WHAT YOU NEED TO DO ->
Reproduce, exactly and in full, only the lines below from the one containing "British Longhair Silver" through the one containing "哈德森在廣東哪里,哈德森空砍39分".

==== EXERCISE DATA ====

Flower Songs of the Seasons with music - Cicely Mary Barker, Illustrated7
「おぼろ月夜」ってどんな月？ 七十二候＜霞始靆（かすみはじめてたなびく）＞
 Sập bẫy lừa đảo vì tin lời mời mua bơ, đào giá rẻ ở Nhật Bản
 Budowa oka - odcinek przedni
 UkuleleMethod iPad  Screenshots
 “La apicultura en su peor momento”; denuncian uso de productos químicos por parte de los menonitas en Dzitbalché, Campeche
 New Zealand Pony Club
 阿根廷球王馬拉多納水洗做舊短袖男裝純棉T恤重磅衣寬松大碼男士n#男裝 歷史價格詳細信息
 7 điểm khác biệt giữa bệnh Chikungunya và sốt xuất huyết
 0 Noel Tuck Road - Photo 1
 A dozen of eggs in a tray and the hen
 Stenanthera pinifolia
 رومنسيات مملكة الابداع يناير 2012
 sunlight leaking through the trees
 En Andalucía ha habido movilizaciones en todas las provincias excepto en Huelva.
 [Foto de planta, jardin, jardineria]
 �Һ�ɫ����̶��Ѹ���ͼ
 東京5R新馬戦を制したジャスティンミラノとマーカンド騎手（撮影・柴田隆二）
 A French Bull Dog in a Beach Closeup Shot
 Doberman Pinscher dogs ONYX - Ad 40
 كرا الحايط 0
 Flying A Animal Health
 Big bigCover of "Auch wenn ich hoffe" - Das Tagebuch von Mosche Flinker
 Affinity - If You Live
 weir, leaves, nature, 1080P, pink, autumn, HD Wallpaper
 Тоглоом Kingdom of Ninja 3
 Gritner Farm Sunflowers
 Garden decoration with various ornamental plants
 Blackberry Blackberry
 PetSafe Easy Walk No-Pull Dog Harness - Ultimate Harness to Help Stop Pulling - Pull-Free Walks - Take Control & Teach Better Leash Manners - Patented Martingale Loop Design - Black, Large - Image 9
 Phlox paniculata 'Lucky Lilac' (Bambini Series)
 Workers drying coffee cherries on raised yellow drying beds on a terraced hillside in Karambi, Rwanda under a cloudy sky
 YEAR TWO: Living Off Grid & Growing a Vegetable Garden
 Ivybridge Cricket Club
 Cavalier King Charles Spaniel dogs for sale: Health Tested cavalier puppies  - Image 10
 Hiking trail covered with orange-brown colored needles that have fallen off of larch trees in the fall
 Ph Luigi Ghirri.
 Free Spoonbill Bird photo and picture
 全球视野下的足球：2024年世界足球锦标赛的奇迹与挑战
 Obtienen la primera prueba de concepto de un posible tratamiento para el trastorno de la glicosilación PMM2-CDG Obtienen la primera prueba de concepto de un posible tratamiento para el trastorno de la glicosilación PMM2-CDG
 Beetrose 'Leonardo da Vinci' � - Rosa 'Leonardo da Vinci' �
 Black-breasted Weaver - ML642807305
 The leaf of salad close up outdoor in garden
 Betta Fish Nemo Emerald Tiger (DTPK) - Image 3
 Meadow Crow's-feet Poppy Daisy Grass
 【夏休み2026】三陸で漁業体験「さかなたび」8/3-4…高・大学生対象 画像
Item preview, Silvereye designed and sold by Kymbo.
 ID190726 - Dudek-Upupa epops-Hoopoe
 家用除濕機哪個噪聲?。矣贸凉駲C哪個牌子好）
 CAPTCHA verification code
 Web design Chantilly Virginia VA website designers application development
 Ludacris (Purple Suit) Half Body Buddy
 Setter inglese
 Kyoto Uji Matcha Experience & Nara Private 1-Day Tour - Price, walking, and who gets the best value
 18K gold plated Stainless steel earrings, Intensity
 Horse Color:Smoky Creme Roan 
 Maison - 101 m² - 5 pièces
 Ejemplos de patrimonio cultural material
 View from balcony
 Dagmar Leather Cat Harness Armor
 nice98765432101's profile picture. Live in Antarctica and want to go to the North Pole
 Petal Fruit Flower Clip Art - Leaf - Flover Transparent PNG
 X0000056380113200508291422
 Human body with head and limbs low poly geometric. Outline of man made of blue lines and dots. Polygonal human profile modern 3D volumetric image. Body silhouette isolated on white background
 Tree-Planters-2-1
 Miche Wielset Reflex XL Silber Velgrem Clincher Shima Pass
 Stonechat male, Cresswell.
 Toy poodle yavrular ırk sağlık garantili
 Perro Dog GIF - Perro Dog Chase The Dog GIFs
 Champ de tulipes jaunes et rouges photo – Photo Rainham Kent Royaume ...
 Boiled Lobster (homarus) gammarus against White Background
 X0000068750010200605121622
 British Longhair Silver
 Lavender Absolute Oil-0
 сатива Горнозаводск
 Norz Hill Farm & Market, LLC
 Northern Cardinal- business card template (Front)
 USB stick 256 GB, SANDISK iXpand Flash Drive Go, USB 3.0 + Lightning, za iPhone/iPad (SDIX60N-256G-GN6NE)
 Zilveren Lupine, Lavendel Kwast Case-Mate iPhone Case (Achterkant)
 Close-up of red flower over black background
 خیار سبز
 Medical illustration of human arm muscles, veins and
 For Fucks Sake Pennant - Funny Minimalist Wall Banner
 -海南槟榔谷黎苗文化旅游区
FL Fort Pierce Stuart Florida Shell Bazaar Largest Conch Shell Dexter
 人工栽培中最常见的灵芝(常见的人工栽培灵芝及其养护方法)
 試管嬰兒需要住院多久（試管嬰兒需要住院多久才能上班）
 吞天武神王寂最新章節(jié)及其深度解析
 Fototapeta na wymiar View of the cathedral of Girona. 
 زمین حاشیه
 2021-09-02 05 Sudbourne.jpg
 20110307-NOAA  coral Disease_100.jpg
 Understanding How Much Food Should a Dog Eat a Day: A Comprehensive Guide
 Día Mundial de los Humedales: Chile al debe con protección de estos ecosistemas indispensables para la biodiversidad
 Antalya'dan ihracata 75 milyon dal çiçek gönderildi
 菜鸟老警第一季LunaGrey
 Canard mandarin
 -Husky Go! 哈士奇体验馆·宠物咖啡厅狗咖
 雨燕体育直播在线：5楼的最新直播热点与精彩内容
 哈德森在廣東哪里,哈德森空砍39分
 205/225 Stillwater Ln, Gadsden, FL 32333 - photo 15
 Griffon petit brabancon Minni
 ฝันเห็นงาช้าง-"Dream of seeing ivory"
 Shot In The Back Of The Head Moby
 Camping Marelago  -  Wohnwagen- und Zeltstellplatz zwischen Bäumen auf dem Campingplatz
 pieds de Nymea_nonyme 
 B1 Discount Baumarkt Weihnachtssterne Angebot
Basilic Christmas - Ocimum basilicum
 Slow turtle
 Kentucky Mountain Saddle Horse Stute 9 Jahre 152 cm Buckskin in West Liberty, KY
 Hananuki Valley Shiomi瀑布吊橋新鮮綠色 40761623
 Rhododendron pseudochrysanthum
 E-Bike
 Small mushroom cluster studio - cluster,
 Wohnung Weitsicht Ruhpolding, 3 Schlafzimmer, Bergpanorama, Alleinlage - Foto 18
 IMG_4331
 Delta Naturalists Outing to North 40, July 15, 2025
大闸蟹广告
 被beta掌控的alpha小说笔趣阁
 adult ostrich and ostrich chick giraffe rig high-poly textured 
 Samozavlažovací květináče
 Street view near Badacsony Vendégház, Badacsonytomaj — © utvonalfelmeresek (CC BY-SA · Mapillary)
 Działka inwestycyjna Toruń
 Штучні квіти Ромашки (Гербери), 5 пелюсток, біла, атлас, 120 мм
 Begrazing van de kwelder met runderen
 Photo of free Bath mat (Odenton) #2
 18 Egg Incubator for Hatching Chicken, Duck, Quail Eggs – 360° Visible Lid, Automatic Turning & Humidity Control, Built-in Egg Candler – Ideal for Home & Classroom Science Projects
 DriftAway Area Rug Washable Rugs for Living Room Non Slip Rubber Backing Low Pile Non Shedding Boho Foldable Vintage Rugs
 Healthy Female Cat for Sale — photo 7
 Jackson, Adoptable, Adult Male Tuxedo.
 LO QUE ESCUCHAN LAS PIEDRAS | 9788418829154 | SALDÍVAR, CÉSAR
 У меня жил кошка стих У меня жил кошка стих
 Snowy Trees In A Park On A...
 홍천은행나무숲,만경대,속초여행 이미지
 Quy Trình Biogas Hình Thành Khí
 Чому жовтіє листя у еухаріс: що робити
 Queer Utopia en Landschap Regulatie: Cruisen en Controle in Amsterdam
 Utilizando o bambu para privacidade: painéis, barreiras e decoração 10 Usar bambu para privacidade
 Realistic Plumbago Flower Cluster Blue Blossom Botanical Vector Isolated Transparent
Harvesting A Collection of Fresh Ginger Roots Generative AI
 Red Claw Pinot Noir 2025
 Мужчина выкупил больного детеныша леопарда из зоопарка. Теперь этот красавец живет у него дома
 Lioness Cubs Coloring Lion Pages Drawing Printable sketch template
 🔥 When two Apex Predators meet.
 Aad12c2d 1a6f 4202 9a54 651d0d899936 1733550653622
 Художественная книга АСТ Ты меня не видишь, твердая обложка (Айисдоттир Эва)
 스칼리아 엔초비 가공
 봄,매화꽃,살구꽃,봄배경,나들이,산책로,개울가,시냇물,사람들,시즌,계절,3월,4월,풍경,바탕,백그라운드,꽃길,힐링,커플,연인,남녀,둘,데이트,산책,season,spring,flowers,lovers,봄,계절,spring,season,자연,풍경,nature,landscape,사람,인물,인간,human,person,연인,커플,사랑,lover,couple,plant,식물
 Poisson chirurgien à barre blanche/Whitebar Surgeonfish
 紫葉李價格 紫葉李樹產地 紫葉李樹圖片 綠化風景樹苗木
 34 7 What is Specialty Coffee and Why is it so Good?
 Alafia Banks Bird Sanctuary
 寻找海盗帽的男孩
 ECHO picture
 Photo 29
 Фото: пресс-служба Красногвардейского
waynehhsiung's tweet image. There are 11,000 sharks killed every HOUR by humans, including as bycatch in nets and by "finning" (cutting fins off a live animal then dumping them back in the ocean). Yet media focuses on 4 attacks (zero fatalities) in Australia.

====

EXERCISE SOLUTION ->
 British Longhair Silver
 Lavender Absolute Oil-0
 сатива Горнозаводск
 Norz Hill Farm & Market, LLC
 Northern Cardinal- business card template (Front)
 USB stick 256 GB, SANDISK iXpand Flash Drive Go, USB 3.0 + Lightning, za iPhone/iPad (SDIX60N-256G-GN6NE)
 Zilveren Lupine, Lavendel Kwast Case-Mate iPhone Case (Achterkant)
 Close-up of red flower over black background
 خیار سبز
 Medical illustration of human arm muscles, veins and
 For Fucks Sake Pennant - Funny Minimalist Wall Banner
 -海南槟榔谷黎苗文化旅游区
FL Fort Pierce Stuart Florida Shell Bazaar Largest Conch Shell Dexter
 人工栽培中最常见的灵芝(常见的人工栽培灵芝及其养护方法)
 試管嬰兒需要住院多久（試管嬰兒需要住院多久才能上班）
 吞天武神王寂最新章節(jié)及其深度解析
 Fototapeta na wymiar View of the cathedral of Girona. 
 زمین حاشیه
 2021-09-02 05 Sudbourne.jpg
 20110307-NOAA  coral Disease_100.jpg
 Understanding How Much Food Should a Dog Eat a Day: A Comprehensive Guide
 Día Mundial de los Humedales: Chile al debe con protección de estos ecosistemas indispensables para la biodiversidad
 Antalya'dan ihracata 75 milyon dal çiçek gönderildi
 菜鸟老警第一季LunaGrey
 Canard mandarin
 -Husky Go! 哈士奇体验馆·宠物咖啡厅狗咖
 雨燕体育直播在线：5楼的最新直播热点与精彩内容
 哈德森在廣東哪里,哈德森空砍39分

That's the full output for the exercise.